О’Нил с шумом втянул в себя воздух.
— Это дело непростое. Установить это очень непросто. Все зависит от того, какой слой кожи затронут.
— Что это значит?
— У кожи несколько слоев, — доктор взял ручку и листок бумаги, — эпидермис, дермис и гиподермис. Как правило, при татуаже чернила запускаются под эпидермис и рисунок наносится на верхний слой дермиса. Хотите — верьте, хотите — нет, но это деликатная операция, и она требует определенного мастерства.
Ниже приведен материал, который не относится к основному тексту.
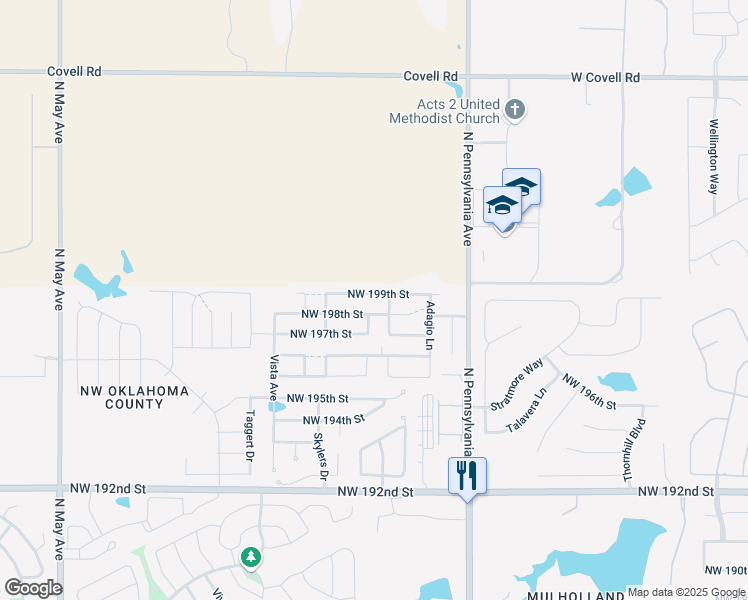 map of restaurants, bars, coffee shops, grocery stores, and more near 2321 Northwest 199th Street in Edmond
С одной стороны, рисунок должен быть нанесен достаточно глубоко, чтобы остаться навечно, с другой — нельзя допустить повреждения чувствительных нижних тканей.
— И насколько же аккуратно была произведена эта операция? — угрюмо рассмеялся Тернбул.
— Не слишком аккуратно, — отметил О’Нил. — Насколько мне известно, нацисты практиковали два метода татуажа. Первый заключался в использовании металлической пластины со сменными иглами. Пластина прижималась к левой стороне груди заключенного и в рану впрыскивалась краска.
— А второй?
— Второй был еще более жестоким. Татуировка просто врезалась в живое мясо.
— Значит, о мастерстве там не особенно заботились?
— Нет, — признал О’Нил, — а это значит, что такие татуировки были глубже обычных. И конечно, со временем чернила могли проникнуть в нижние слои дермиса и даже в клетки лимфы, что также помогло бы нам в восстановлении рисунка. Но даже в этом случае — если тот, кто срезал татуировку, добрался до гиподермиса, — выяснить ничего не удастся.
— Судите сами.
О’Нил пристально осмотрел рану.
— Вообще-то тот, кто это делал, постарался на славу. Верхний слой срезан весьма чисто.
— Но вы сможете что-то восстановить?
— Теоретически да. Если татуировка была глубокой, она проявится. Но на это уйдет время.
— Как раз времени-то у нас и нет, доктор. Мне рекомендовали вас как лучшего дерматолога страны. Я прошу вас сотворить чудо. Вот мой телефон. Позвоните, как только что-нибудь выясните.